Es stellt grundsätzlich fest, dass der Vorwurf der "rassistische Hetze" im politischen Kontext gesehen werden muss, in dem er erhoben wurde. Dieser Kontext ist das Volksbegehren "Österreich zuerst", mit dessen Inhalten sich der Gerichtshof bei der Prüfung des Falles beschäftigt hat.
Das EGMR war nicht davon zu überzeugen, dass das Statement "rassistische Hetze" eine Tatsachenbehauptung war. Der Vorwurf könne vielmehr nur als Werturteil verstanden und als "einwandfreier" Kommentar in einer Angelegenheit von öffentlichem Interesse angesehen werden.
Es hält fest, dass an die Arbeit von JournalistInnen grundsätzlich andere Maßstäbe anzulegen sind als etwa an die Arbeit von StaatsanwältInnen oder RichterInnen vor Gericht.
In seinem Ausführungen merkt der Gerichtshof an, dass ein Politiker sicherlich eines Schutzes seiner Reputation bedarf, ..., aber diese Bedürfnisse gegen die Interessen einer offenen Diskussion politischer Fragen aufgewogen werden müssten.
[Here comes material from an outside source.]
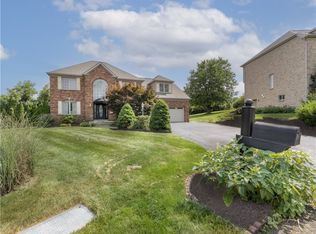 6 Martha Ct, Canonsburg, PA 15317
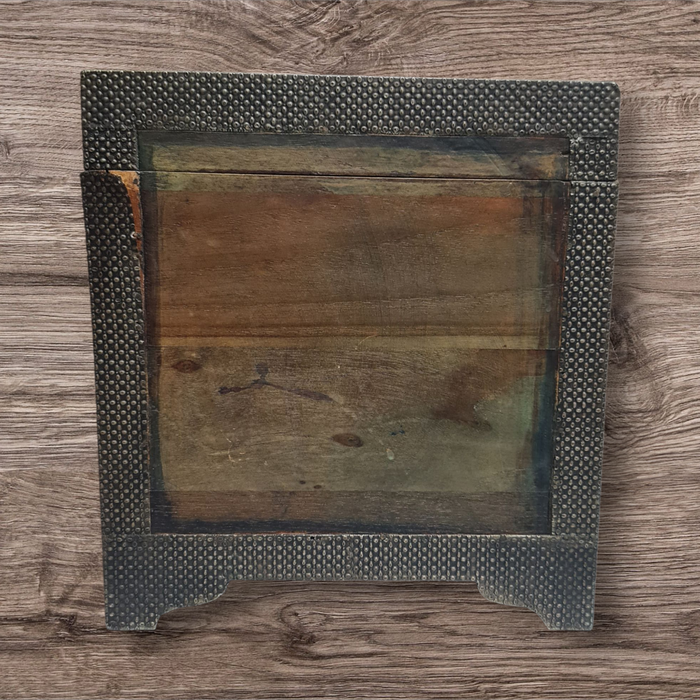 ANTIQUE WOOD AND METAL STORAGE BOX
Damit ist das Urteil weit über den Anlassfall hinaus von Bedeutung: Es war bisher in Österreich oft geübte Praxis, kritische Stellungnahmen wie etwa "Tierquälerei" oder "Umweltverschmutzung" mit dem Vorwurf der Verletzung gleichnamiger Strafbestimmungen gleichzusetzen. Zahlreiche UmweltschützerInnen wissen von derartigen Unterlassungsklagen zu berichten, die allein auf Grund der hohen Gerichtskosten existenzgefährdend sein können. Das Urteil des EGMR hat nunmehr dieser österreichischen Praxis (zumindest teilweise) einen Riegel vorgeschoben: Aus einem verbal im Rahmen einer öffentlichen Diskussion erhobenen Vorwurf allein kann noch kein Vorwurf einer strafbaren Handlung abgeleitet werden....
Was weiter passiert
Das Urteil ist noch nicht rechtskräftig. Die Republik kann binnen drei Monaten in Berufung gehen. Dies wird jedoch aller Wahrscheinlichkeit nach zu nichts führen, da die Entscheidung der RichterInnen einstimmig gefallen war und sie in konsequenter Fortschreibung der bisherigen Judikatur des EGMR erfolgte.
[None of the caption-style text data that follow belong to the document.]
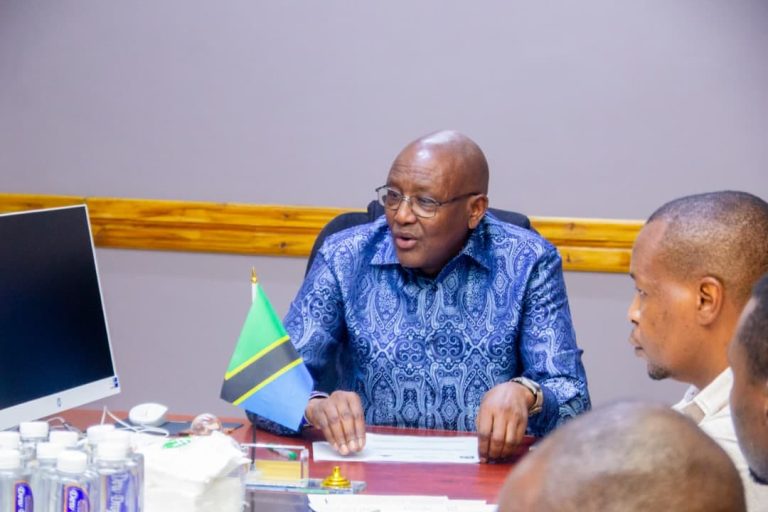 DKT. KIRUSWA ATATUA MGOGORO WA WACHIMBAJI WADOGO MWANZA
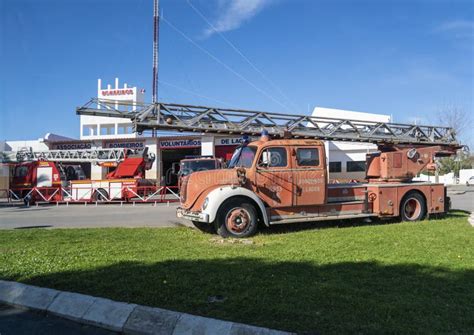 Vintage fire engine stock photo. Image of ladder, brigade - 172791994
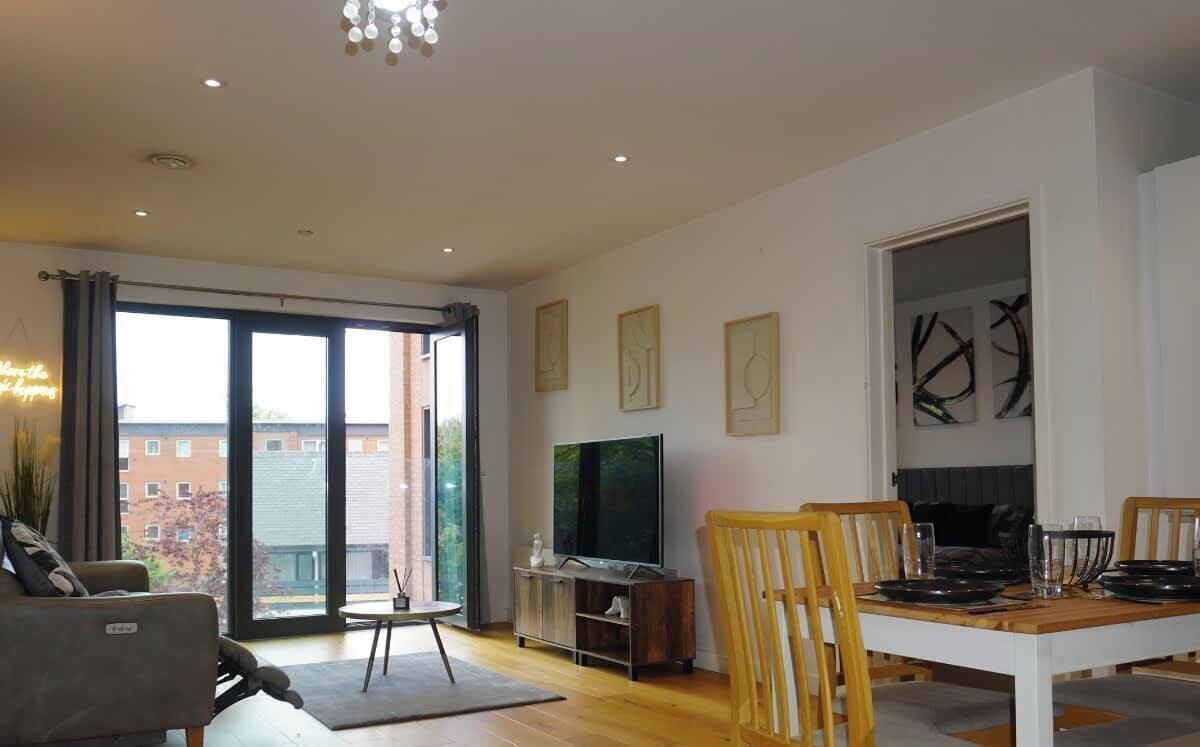 Televisie en een kantoor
Das heißt jedoch noch lange nicht, dass jetzt jeder Mensch bedenkenlos "Haider betreibt rassistische Hetze" behaupten kann. Das Grundrecht auf freie Meinungsäußerung schützt nämlich sinnvollerweise nicht unsubstantiierte Beleidigungen, sonder begründete, in einen konkreten Zusammenhang gestellte Meinungen (die auf Grund ihres Charakters als Meinung nicht "richtig" oder "falsch" sein können, also einer Überprüfung nicht zugänglich sind). Welche also das ohnehin Bekannte nunmehr auszusprechen suchen, sollten stets eine untermauernde Begründung anhängen.
Derer gibt es hinsichtlich Jörg Haiders und der FPÖ ohnehin zuhauf. Nicht zuletzt die Diskussion um die rassistische blau-schwarze "Integrations"-Vereinbarung liefert inhaltliches Unterfutter noch und nöcher...
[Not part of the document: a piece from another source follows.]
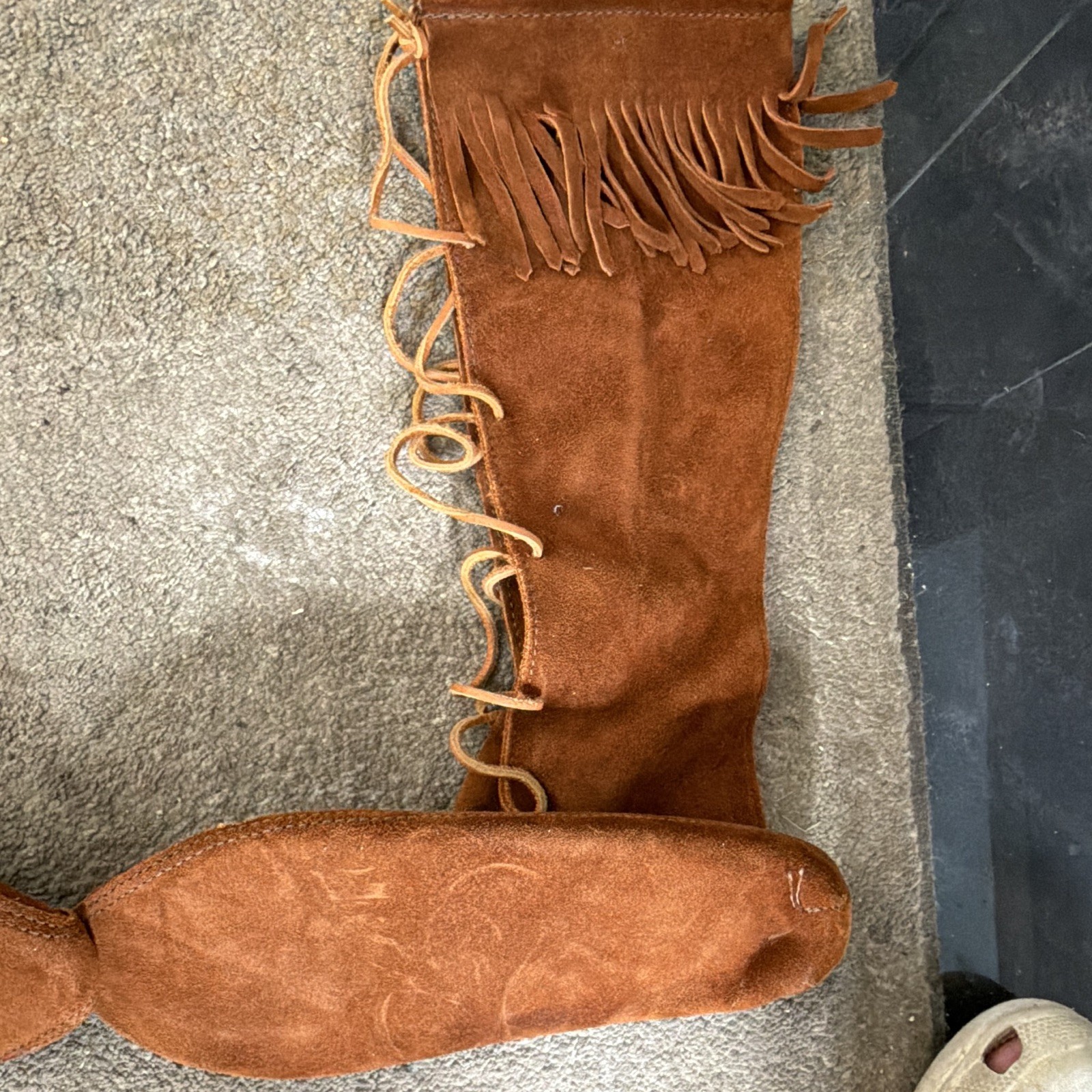Minnetonka Women’s Brown Suede Fringe Lace-Up Knee High Moccasin Boots 12.5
Sollte die Republik - vertreten ganz zufälligerweise vom seinerzeitigen Klagsvertreter Böhmdorfer - keine Berufung erheben, so wachsen gute € 17000,- zum TATblatt hinüber. Kassiert hat diese 1993/94 jener Mann, der damals Rechtsvertreter Haiders, heute jedoch Justizminister ist. Retourniert wird es jedoch auf Kosten der SteuerzahlerInnen.